Reproduce the listing that follows word for word, without its pictures.

■ **Dataset extract**
[Start of section]

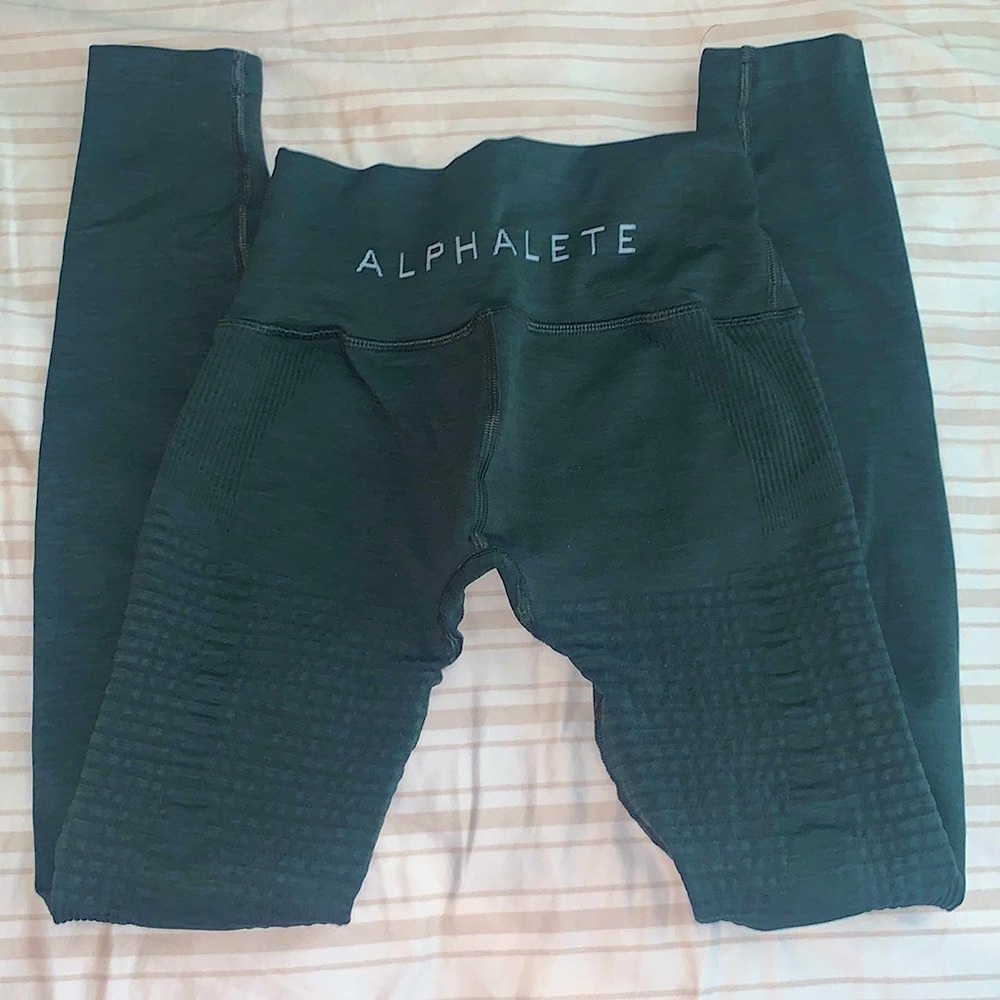 Alphalete HALO leggings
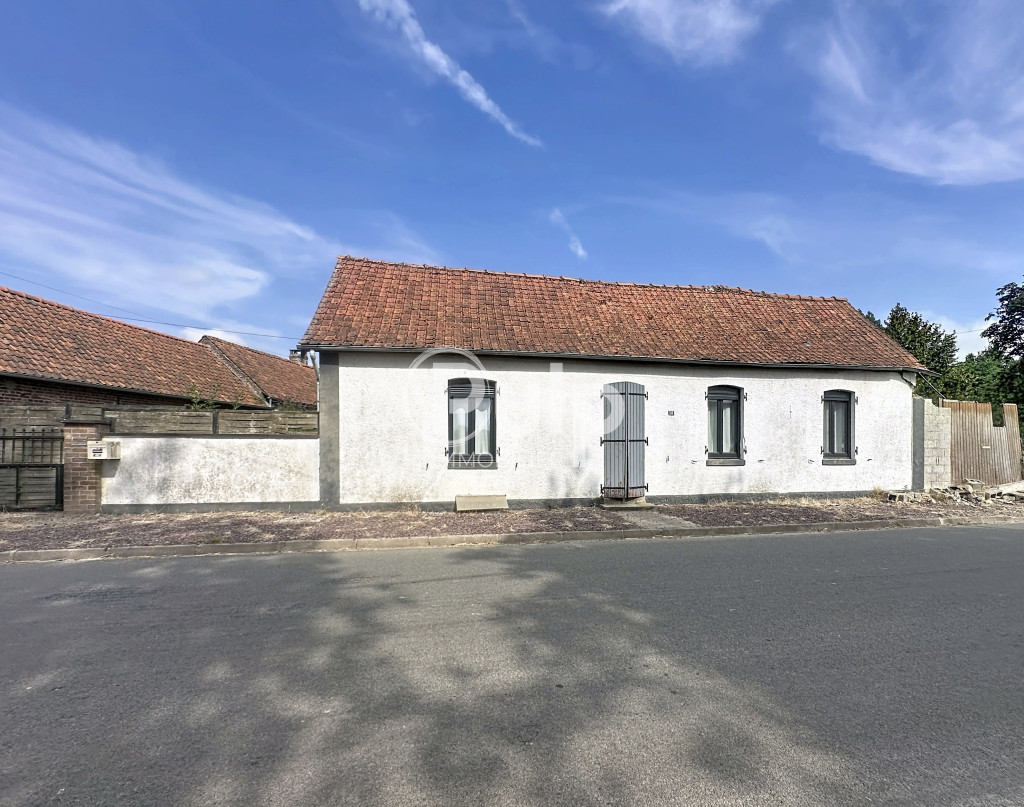 Ancienne fermette à rénover à Bonnières avec plus de 1 600 m² de terrain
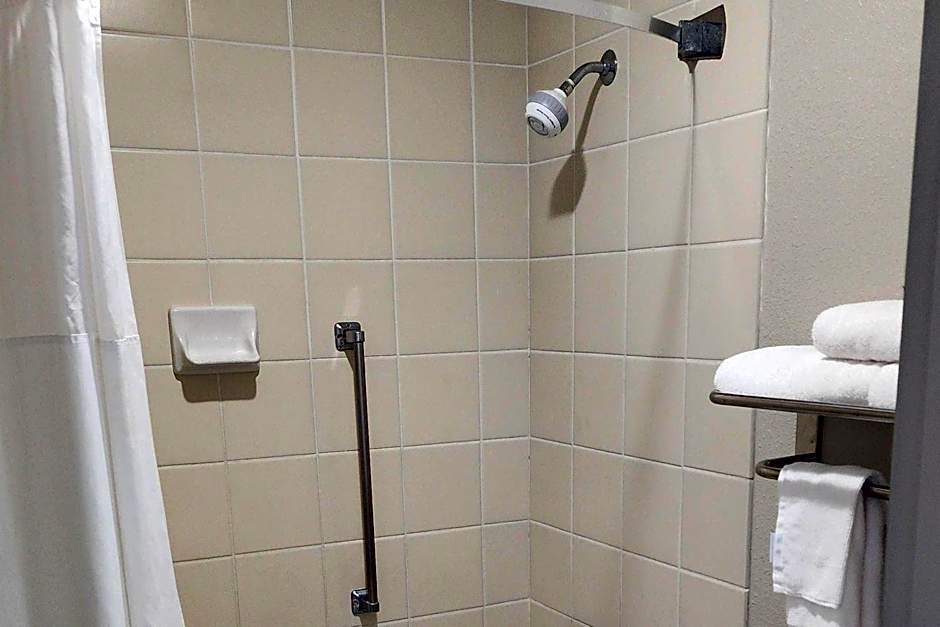 Days Inn by Wyndham Seguin TX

[End of section]

■ **Task answer**
 Alphalete HALO leggings
 Ancienne fermette à rénover à Bonnières avec plus de 1 600 m² de terrain
 Days Inn by Wyndham Seguin TX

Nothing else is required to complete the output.